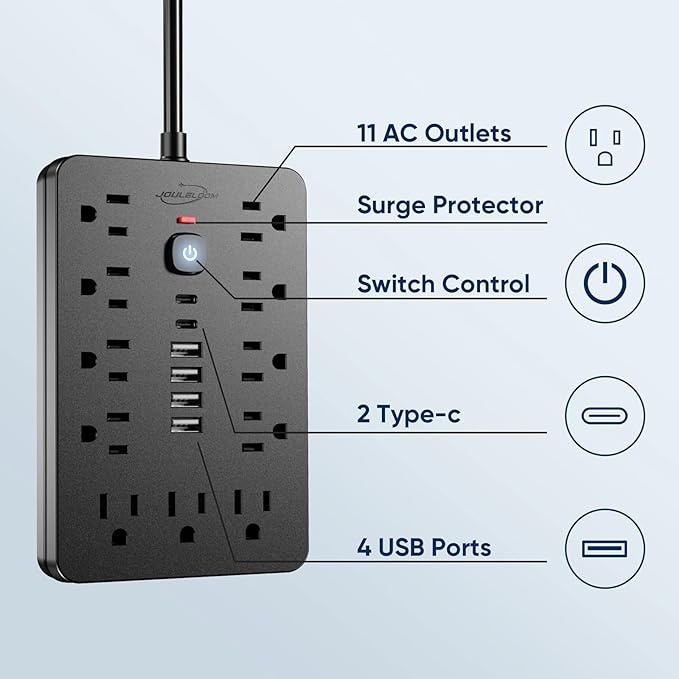 JouleLoom 10 FT Flat Plug Surge Protector Power Strip,11 Multiple AC Outlets with 6 USB Ports (2 USB C), 10 Feet Extension Cord, 1250W/10A, One Touch Switch Button, 17 in 1 Compact powerstrip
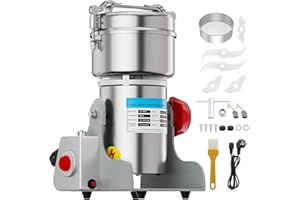 VELPAX Molino de grano eléctrico de 800 g, trituradora de granos de 2400 W de alta velocidad, máquina de polvo comercial con protección contra sobrecarga para cereales secos, arroz, granos de maíz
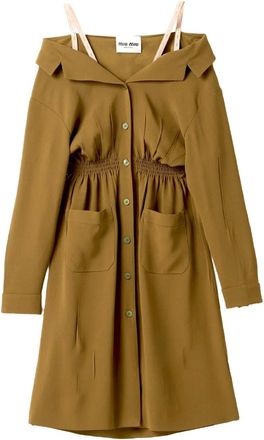 Miu Miu Sablé button-front smocked dress - Green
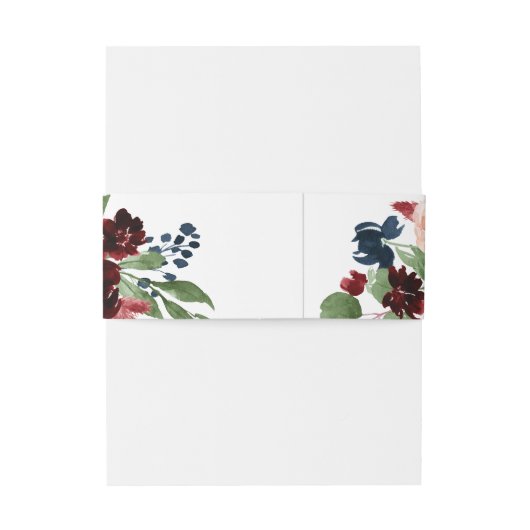 Boho Bloom | Bourgogne Rood en Navy Blue Garland Uitnodigingen Wikkel (Achterkant Voorbeeld)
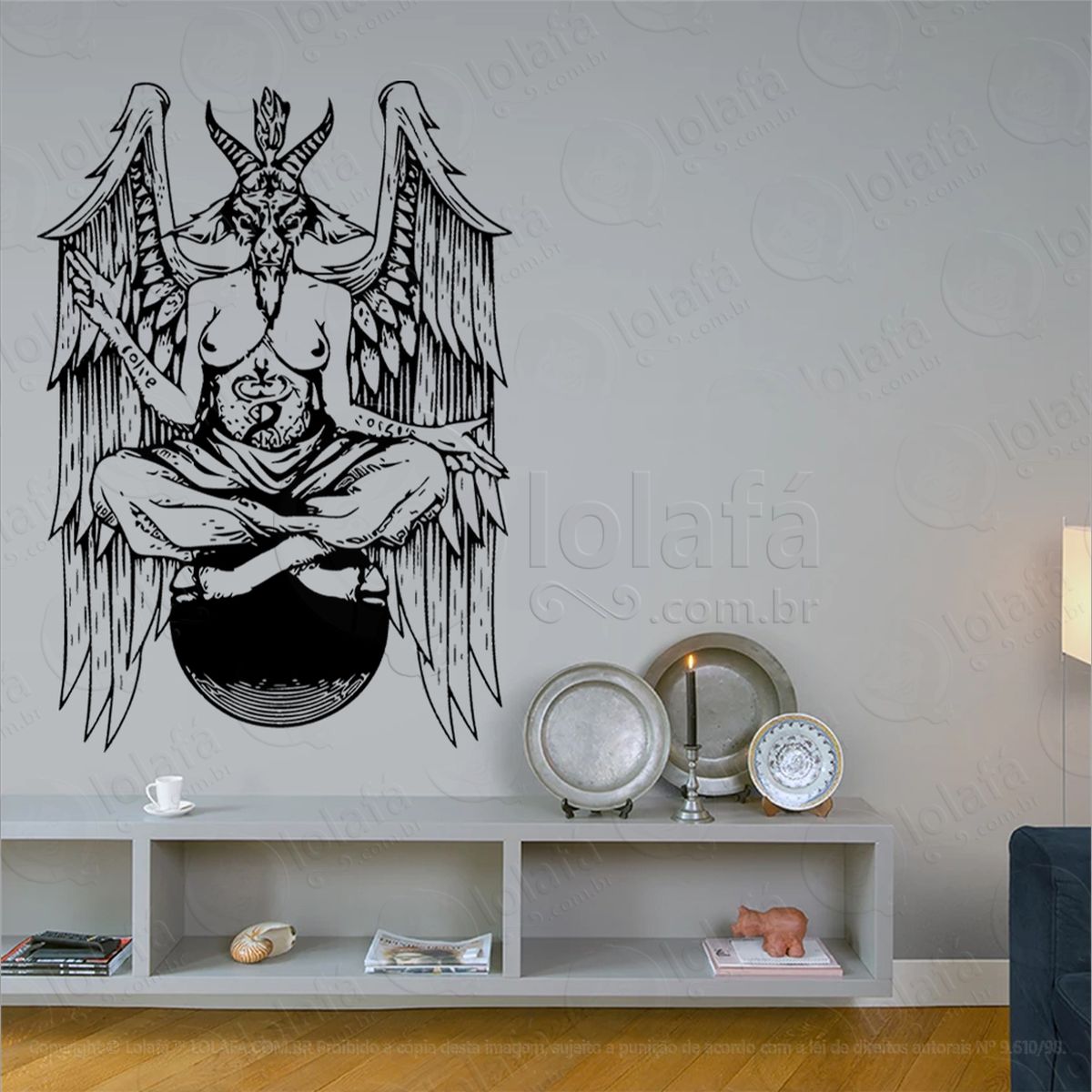 baphomet adesivo de parede decorativo para casa, sala, quarto, vidro e altar ocultista - mod:237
########################################
_ACTIVITY_
Reproduce exactly and only the lines from the one with "VELPAX Molino de" through the final line of the records above, inclusive. Pictures must be left out.

_EXERCISE ANSWER_
 VELPAX Molino de grano eléctrico de 800 g, trituradora de granos de 2400 W de alta velocidad, máquina de polvo comercial con protección contra sobrecarga para cereales secos, arroz, granos de maíz
 Miu Miu Sablé button-front smocked dress - Green
 Boho Bloom | Bourgogne Rood en Navy Blue Garland Uitnodigingen Wikkel (Achterkant Voorbeeld)
 baphomet adesivo de parede decorativo para casa, sala, quarto, vidro e altar ocultista - mod:237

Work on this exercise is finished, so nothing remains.